French President Nicolas Sarkozy is showing up the United States, and not just because he has a far better looking girlfriend than any Commander-in-Chief of recent memory. In stark contrast to the uncharacteristically silent Bush administration, Jacques Chirac’s successor has demonstrated impressive toughness in addressing the deepening Lebanese presidential crisis, in which the Hezbollah-led opposition has blocked the parliamentary majority from electing a new president since pro-Syrian President Emile Lahoud’s term officially ended in November.

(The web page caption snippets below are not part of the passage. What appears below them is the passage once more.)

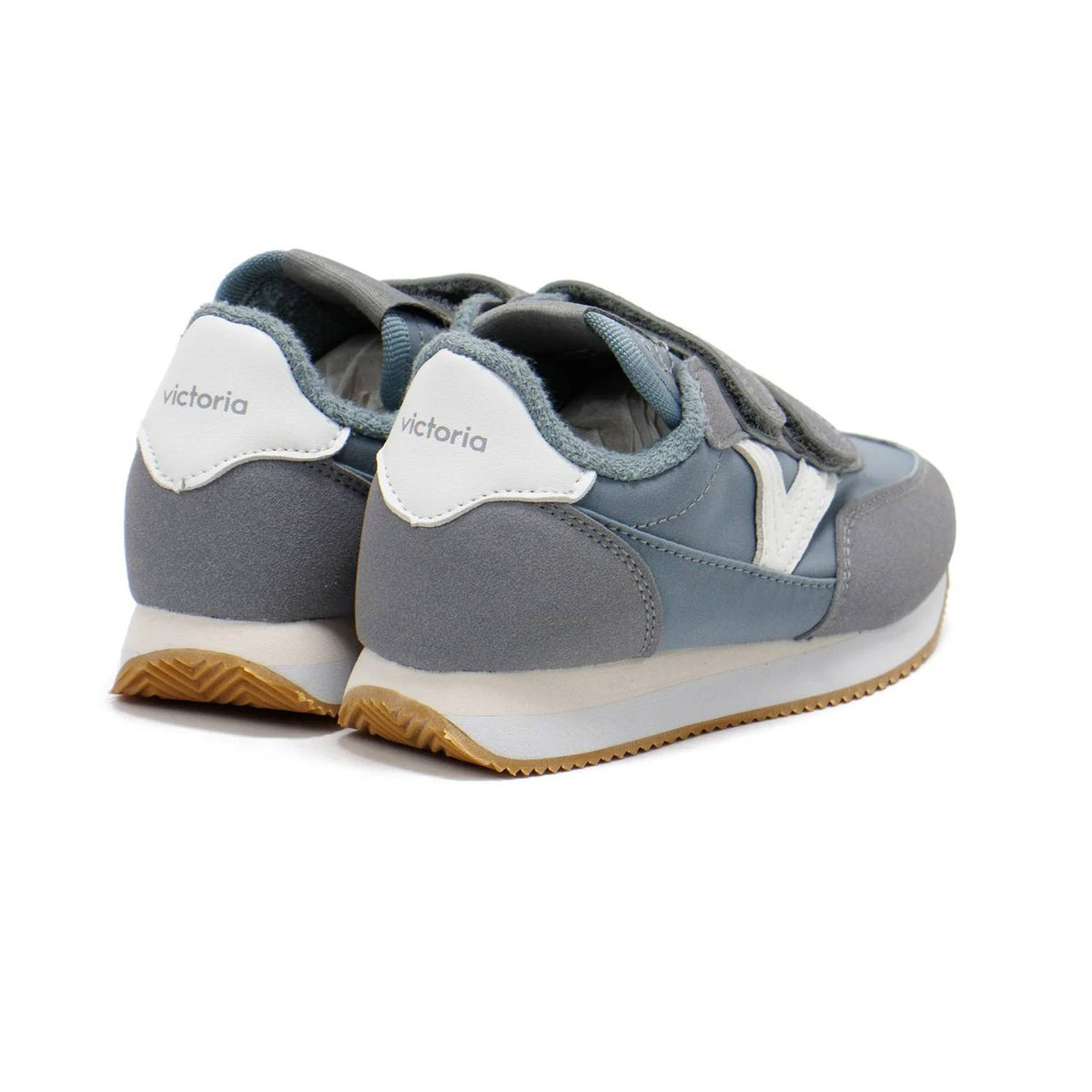 Victoria - Boy's Astro Monochrome Straps Sneakers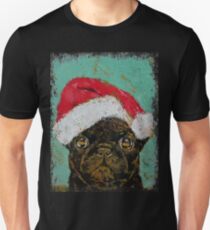 Santa Pug Unisex T-Shirt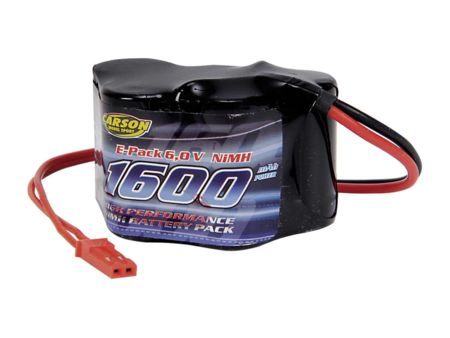 Carson 6V/1600mAh NiMH Empfängerakku Hump BEC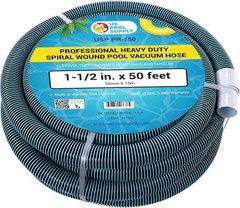 Pool Vacuum Hose – 1-1/2&Prime; x 50&prime; Professional Heavy Duty Pool Hose for Inground,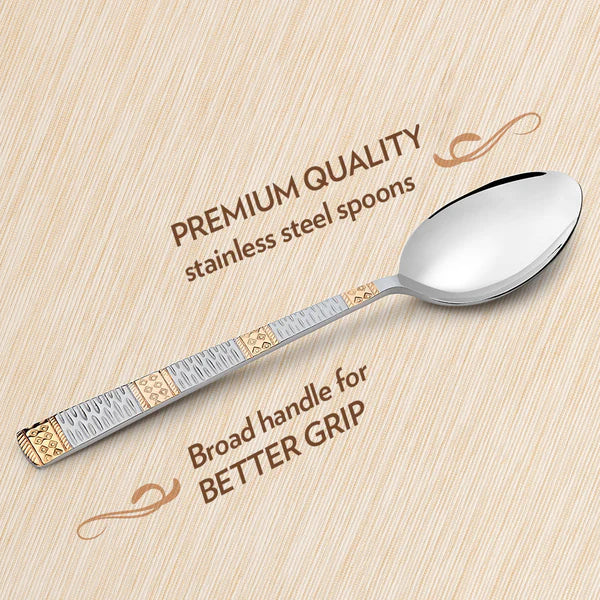 Borosil Gold Dinner Spoon Set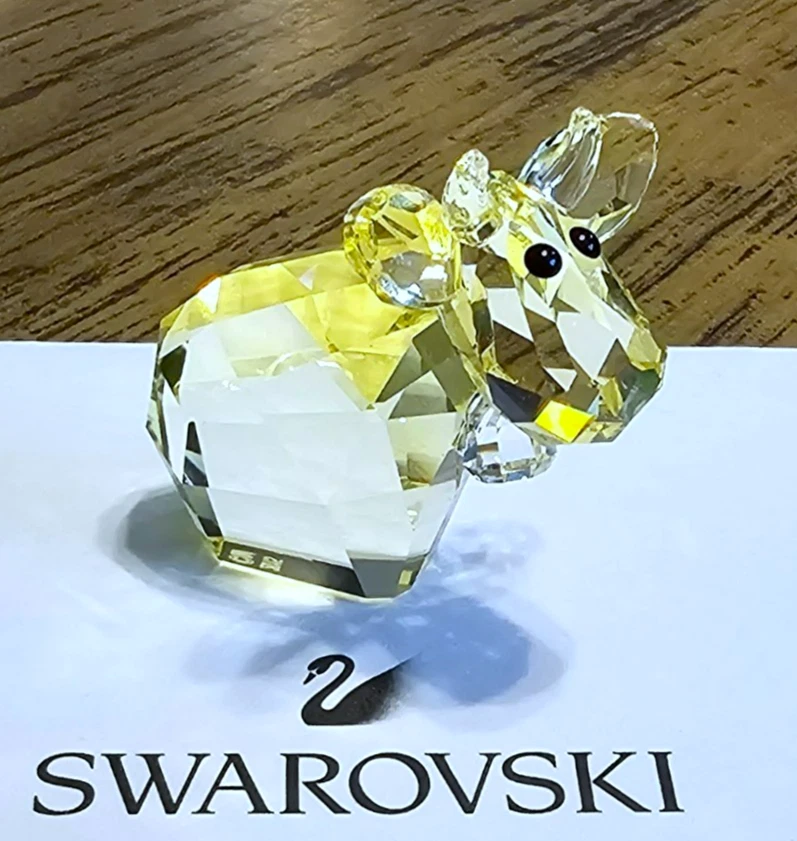 水晶　牛 施华洛世奇水晶摆件牛| eBay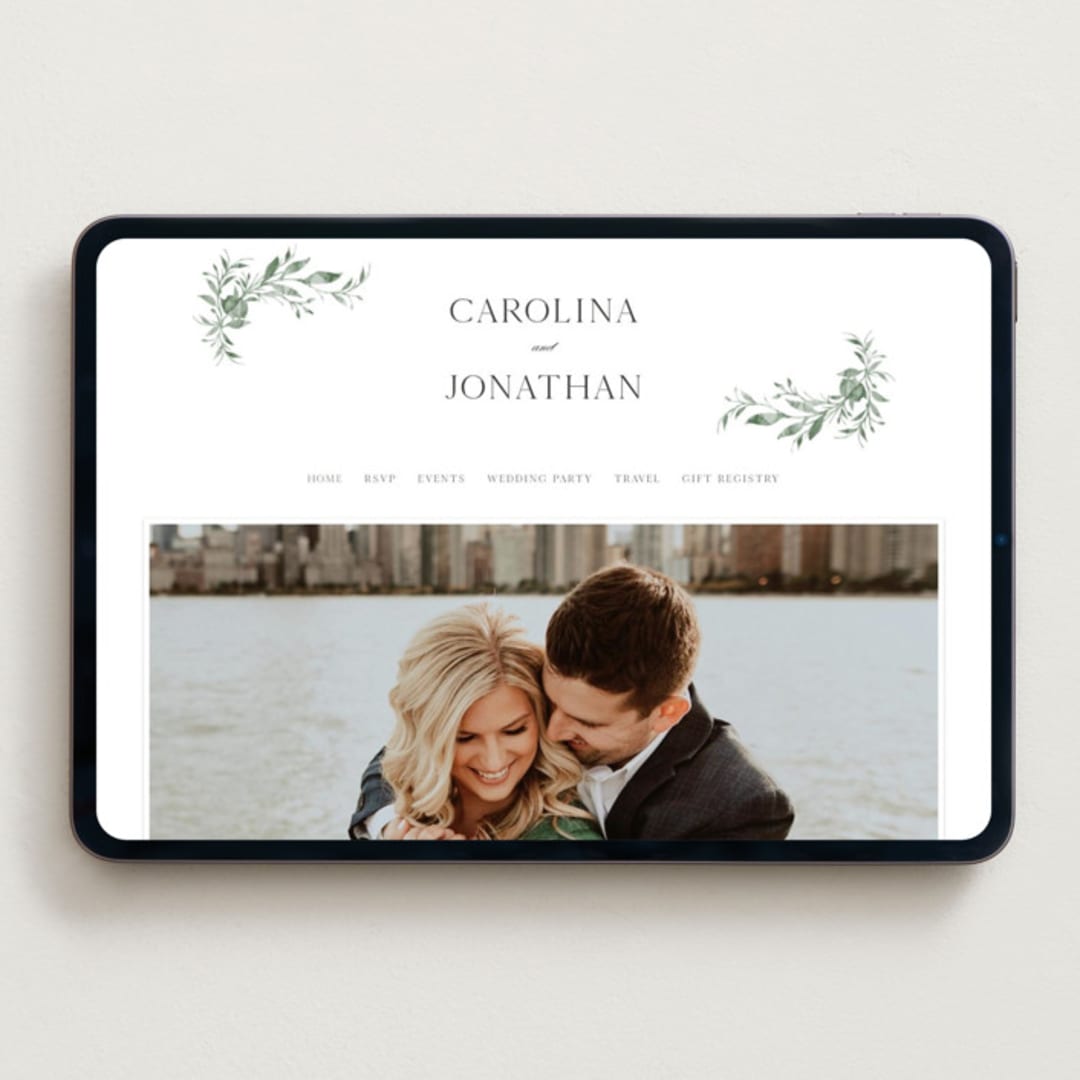 "Carolina" - Wedding Website in Meadow by Melanie Kosuge - Desktop Design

While visiting Egypt earlier this week, Sarkozy announced that France would suspend contacts with Syria as punishment for Syria’s political interference in Lebanon. Sarkozy compounded this blow by prompting Egyptian President Hosni Mubarak to declare his support for Lebanese Prime Minister Fouad Siniora; Mubarak said that Egypt “supports the election of a president for Lebanon as soon as possible”—an implicit dig against the Assad regime. On Wednesday, Syria responded with a far-less-convincing suspension of contact with France, oddly conceding, “Syria can’t dispense with France’s role in Europe.”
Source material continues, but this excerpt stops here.